Le dénonciateur a expliqué qu'il a étudié la confiserie, la boulangerie et la cuisine, c'est pourquoi il affirme que le produit livré par l'entrepôt ne ressemble à aucun pain qu'il ait connu.
«Le manque de respect, je ne sais pas comment ils ont la morale et le courage de vendre cela... l'abus est présent d'un océan à l'autre, depuis le gouvernement jusqu'aux gens eux-mêmes, cela suffit», a-t-il exprimé, tout en enregistrant la vidéo au milieu d'une coupure de courant. Avant de terminer, il a averti que «maintenant, ils nous coupent encore l'électricité».
La publication s'ajoute à une série de dénonciations diffusées sur les réseaux sociaux au cours des dernières semaines. Début août, la créatrice de contenu Yordania Orduñez a montré le pain qu'elle a reçu dans sa bodega, après cinq jours sans approvisionnement à cause des coupures de courant.
En le dénonçant, il a déclaré que la masse avait un aspect incompatible avec un aliment propre à la consommation et a déploré le manque de respect envers la population.
Un jour après, des voisins du quartier Cuabitas, à Santiago de Cuba, ont dénoncé la distribution de pains déformés et avec des taches sombres par le biais de la carte de rationnement.
Parmi les témoignages, celui d'une femme âgée de 68 ans a retenu l'attention.
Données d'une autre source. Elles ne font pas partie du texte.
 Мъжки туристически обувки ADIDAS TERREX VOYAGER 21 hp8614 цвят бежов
Elle a déclaré qu'elle n'avait jamais vu un pain avec un tel aspect et a affirmé qu'il est maintenant gênant de réclamer la contribution.
Les plaintes ont également été fréquentes à Guantánamo. Des résidents ont dénoncé en juillet que le pain de la panière de base présentait une acidité élevée, manquait de graisse et de sel, et développait des points noirs quelques heures après sa fabrication. L'un d'eux a résumé le mécontentement par une phrase qui est devenue virale en affirmant que "même les chiens ne le mangent pas".
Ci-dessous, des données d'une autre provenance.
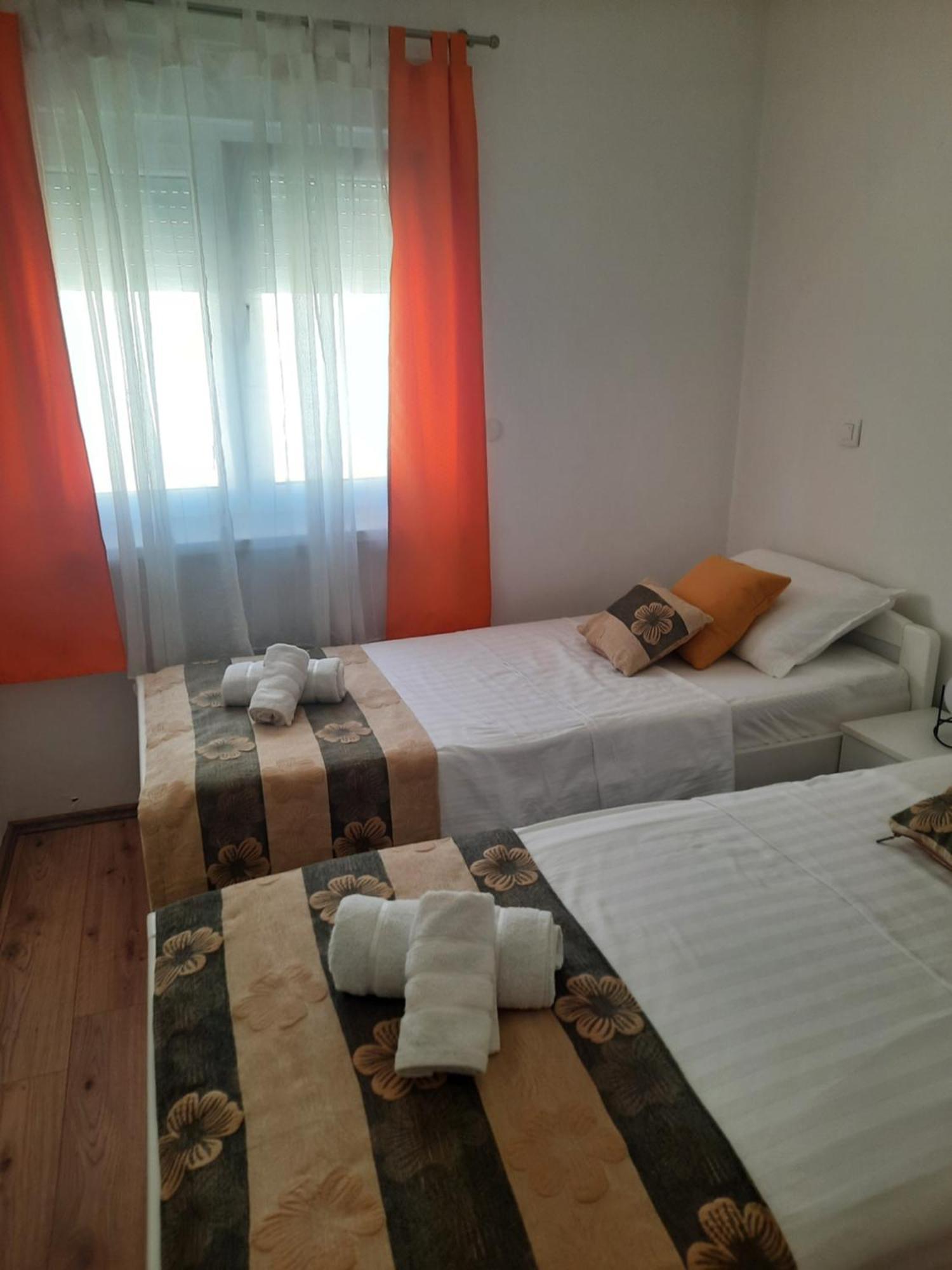 App Letta Sunset Pula Apartment Exterior foto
Le déclin du pain est le résultat d'une crise structurelle que le régime a lui-même reconnu de manière partielle. Cuba a besoin d'environ 20 000 tonnes de farine par mois pour garantir le pain normé, mais en juin, seule une des six embarcations de blé contractées pour toute l'année était arrivée.
Le seul moulin en fonctionnement, situé à Cienfuegos, produit environ 250 tonnes par jour alors que 700 seraient nécessaires, tandis que l'usine de Guantánamo reste hors service.
La pénurie de farine a contraint à remplacer une partie du blé par de la pulpe de manioc, du patate douce ou du maïs, un mélange qui influence la texture, le goût et la conservation du produit.
À cela s'ajoutent les coupures de courant et le manque de carburant. À Holguín, plusieurs boulangeries ont repris l'utilisation des fours à bois pour maintenir une production qui n'a à peine atteint 50 % de la population.
La qualité du pain s'est détériorée en même temps que la quantité disponible a diminué. Le poids du pain subventionné est passé de 80 à 60 grammes en septembre 2024 et, dans certains territoires, il a chuté jusqu'à 40 grammes.
À Villa Clara, le pain normé est désormais réservé aux personnes de moins de 13 ans et de plus de 65 ans.
En outre, depuis début juillet, l'Entreprise Cubaine du Pain a augmenté à La Havane le prix du pain, y compris celui de 400 grammes qui est passé de 240 à 500 pesos cubains, soit une augmentation de 108 %, ce qui a suscité des critiques en raison de la manière discrète dont cette décision a été mise en œuvre.
Le déclin de cet aliment de base coïncide avec l'aggravation de l'insécurité alimentaire sur l'île, tandis que les autorités continuent de promouvoir des jardins familiaux sans offrir de solutions aux causes structurelles qui maintiennent l'effondrement du système d'approvisionnement.